In order to maintain a growing Israeli presence in the West Bank, more money will be poured into the infrastructure to maintain the population. Ten billion dollars were poured into the settlements between 1967 and 2003 for an estimated population of 230,000. An addition 170,000 settlers joined between 2003 and 2010, which cost the government an additional seven billion dollars. If past growth rates continued for the next fifteen years, the total population of Israelis settlers would reach one million people, at an additional cost of twenty-five billion dollars.
This additional population will undoubtedly increase the friction with the Palestinian population, which means a continuous military presence and billions of shekels more to defense.
But where will this money come from? The Israeli coffer is only so large. Money has been allocated directly (and sometimes covertly) to the settlements for years, arguably to the detriment of other national interests. The once-lauded educational system of Israel has drastically decreased in quality of the recent years. Expenditure per student is far below the OECD average, and the most recent survey results paint a fairly bleak future, particularly pertaining to educational opportunities between the rich and the poor.
But not just education will suffer. As the Taub Center reported in 2010, total public expenditure, excluding defense and interest payments, has continuously decreased over the past decade. Even the seemingly infallible health system has been showing cracks.
Undoubtedly, some of the money will come in the form of taxes from the working population. Unfortunately, the long term future of Israel is worrying from this perspective as well. A study by the Ministry of Industry, Trade, and Labor found that labor force participation will decrease by 6% by 2030, meaning that if current labor and demographic trends remain, the secular and non-Haredi population in Israel will have to support an increasing amount of Haredi and Arab citizens. Though there are plans in motion to increase labor force participation for these two groups, (full disclosure – as an economic consultant I have worked on some of the projects currently being proposed in the government) they will barely make a dent in the future tax burden of the working population.
There is no question that maintaining the status quo of Netanyahu’s policy regarding the settlements will require significant financial support. This will greatly strain the average Israeli through increased personal and corporate taxes, and will further decay the quality of the remaining national interests.

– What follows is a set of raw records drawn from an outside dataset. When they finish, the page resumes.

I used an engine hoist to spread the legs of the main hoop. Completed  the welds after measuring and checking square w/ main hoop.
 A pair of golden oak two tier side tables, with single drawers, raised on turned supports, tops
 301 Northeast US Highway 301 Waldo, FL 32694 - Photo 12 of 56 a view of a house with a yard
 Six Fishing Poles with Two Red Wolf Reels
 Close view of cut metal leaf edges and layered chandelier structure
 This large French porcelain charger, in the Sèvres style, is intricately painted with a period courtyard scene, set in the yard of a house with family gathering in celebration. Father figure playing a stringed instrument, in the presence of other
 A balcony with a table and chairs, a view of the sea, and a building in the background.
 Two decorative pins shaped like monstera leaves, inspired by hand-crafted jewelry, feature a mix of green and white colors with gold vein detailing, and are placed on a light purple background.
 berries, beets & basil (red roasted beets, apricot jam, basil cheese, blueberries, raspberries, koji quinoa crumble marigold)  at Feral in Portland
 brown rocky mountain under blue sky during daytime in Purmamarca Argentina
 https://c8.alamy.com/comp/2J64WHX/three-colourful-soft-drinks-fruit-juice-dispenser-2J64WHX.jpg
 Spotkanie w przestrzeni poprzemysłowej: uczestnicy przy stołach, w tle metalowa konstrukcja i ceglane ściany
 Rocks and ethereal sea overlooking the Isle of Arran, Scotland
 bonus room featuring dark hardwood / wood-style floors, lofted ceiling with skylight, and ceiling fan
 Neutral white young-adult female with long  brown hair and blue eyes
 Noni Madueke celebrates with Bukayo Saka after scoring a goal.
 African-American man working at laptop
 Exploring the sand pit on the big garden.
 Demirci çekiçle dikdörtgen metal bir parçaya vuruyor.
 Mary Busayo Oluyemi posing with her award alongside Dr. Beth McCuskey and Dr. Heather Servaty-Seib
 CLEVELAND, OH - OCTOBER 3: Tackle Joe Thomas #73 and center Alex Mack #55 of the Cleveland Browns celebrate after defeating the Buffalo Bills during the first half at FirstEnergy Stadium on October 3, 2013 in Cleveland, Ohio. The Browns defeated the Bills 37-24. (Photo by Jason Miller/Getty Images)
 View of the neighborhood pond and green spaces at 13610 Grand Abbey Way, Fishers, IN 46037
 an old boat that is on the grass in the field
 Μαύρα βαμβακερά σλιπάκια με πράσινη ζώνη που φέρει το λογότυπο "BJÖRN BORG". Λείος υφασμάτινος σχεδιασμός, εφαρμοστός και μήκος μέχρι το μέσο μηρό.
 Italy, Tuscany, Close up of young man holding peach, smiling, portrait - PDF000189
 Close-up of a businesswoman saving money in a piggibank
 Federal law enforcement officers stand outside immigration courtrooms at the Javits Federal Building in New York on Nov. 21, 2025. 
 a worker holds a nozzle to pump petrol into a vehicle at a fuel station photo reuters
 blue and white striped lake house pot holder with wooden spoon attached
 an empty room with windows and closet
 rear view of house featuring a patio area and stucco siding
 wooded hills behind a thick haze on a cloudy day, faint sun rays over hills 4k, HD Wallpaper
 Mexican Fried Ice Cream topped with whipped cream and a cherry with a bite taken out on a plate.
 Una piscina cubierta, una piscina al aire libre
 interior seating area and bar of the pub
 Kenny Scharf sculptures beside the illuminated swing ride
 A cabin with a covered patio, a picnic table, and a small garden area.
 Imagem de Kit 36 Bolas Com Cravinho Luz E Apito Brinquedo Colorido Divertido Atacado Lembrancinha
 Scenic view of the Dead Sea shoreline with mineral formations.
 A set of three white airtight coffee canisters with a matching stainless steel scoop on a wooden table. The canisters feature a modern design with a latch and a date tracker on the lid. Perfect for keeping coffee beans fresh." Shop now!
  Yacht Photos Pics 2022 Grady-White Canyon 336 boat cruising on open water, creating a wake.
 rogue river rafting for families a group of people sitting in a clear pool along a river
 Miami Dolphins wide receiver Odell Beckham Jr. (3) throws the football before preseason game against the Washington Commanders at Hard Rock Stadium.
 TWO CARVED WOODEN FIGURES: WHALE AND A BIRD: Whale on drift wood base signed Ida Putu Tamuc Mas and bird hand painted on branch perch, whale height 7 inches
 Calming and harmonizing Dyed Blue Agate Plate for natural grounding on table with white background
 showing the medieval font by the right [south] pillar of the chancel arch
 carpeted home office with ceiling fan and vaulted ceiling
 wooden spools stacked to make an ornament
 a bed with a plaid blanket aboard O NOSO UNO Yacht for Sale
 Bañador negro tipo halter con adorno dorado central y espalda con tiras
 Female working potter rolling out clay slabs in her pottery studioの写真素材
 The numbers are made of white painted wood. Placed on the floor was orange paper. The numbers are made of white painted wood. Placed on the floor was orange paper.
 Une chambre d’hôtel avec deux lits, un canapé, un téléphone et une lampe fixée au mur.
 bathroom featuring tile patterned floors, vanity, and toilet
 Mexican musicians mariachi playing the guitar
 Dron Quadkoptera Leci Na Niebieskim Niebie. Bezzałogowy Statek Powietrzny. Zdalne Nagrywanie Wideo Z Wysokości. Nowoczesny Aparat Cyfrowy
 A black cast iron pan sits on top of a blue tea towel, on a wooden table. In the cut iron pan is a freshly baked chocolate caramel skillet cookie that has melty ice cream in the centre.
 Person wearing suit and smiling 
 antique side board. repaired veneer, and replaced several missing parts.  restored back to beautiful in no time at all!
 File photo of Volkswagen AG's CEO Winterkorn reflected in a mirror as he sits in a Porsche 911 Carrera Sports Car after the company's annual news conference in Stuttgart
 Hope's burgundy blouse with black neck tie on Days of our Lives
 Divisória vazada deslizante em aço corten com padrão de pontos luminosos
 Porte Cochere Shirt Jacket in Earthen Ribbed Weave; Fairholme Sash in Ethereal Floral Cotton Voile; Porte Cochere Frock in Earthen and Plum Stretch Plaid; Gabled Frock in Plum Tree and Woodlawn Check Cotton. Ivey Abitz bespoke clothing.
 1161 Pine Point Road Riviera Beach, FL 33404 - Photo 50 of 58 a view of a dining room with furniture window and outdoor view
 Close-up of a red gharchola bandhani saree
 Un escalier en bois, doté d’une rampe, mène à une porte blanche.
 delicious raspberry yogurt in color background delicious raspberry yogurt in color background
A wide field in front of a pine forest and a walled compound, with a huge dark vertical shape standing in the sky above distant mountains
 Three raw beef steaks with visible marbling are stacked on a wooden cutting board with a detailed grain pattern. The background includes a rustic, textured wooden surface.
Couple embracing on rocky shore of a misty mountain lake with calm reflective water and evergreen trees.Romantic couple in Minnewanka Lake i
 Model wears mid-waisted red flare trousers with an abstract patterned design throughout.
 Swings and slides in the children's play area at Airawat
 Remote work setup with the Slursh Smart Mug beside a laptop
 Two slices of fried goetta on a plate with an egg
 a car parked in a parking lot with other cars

The only alternative is to change the status quo. There are four options: the end of Israel, the end of the Palestinians, a one-state solution, or a two-state solution. The first two options are so extreme as to be irrelevant. Binationalism, in the form of one state, is impractical. As Goldberg points out, it is highly doubtful that Palestinians will agree to be second-class Israeli citizens. It is also highly doubtful that Israelis are willing to risk their Jewish majority. By process of elimination, the only viable option is a two-state solution, the details of which have been hashed out enough times to be tangible.
Those who have read this far will rightly point out that the West Bank is very different from the current conflict in Gaza with Hamas. But any change in policy in the West Bank will have immediate repercussions in Gaza as well. As William Saletan notes in Slate, many of the countries criticizing Israel have never “put their money where their mouth is” regarding Hamas. A policy shift over settlements would create an unavoidable paradigm shift whereby Israel would no longer be on the receiving end of widespread scorn, whether deserved or not. Concrete evidence of a move toward a two-state solution would undoubtedly give Israel support in their claims against Hamas and a legitimate bargaining chip in their dealings with other countries.
The question remains, when will those politicians who push for continued settlement activity, and the people who support them, realize that their ideology is ultimately unsustainable for the future of Israel. From an objective and economic perspective, the prognosis for the average Israeli is bleak in the coming twenty years, and every day that the status quo remains brings Israel that much closer to being unlivable. Removing Israelis from their homes is in the settlements is tragic, but we are quickly reaching the point of no return. We must decide today whether Netanyahu’s status quo, and the ideology behind it, is worth sacrificing the long term future of the country as a whole.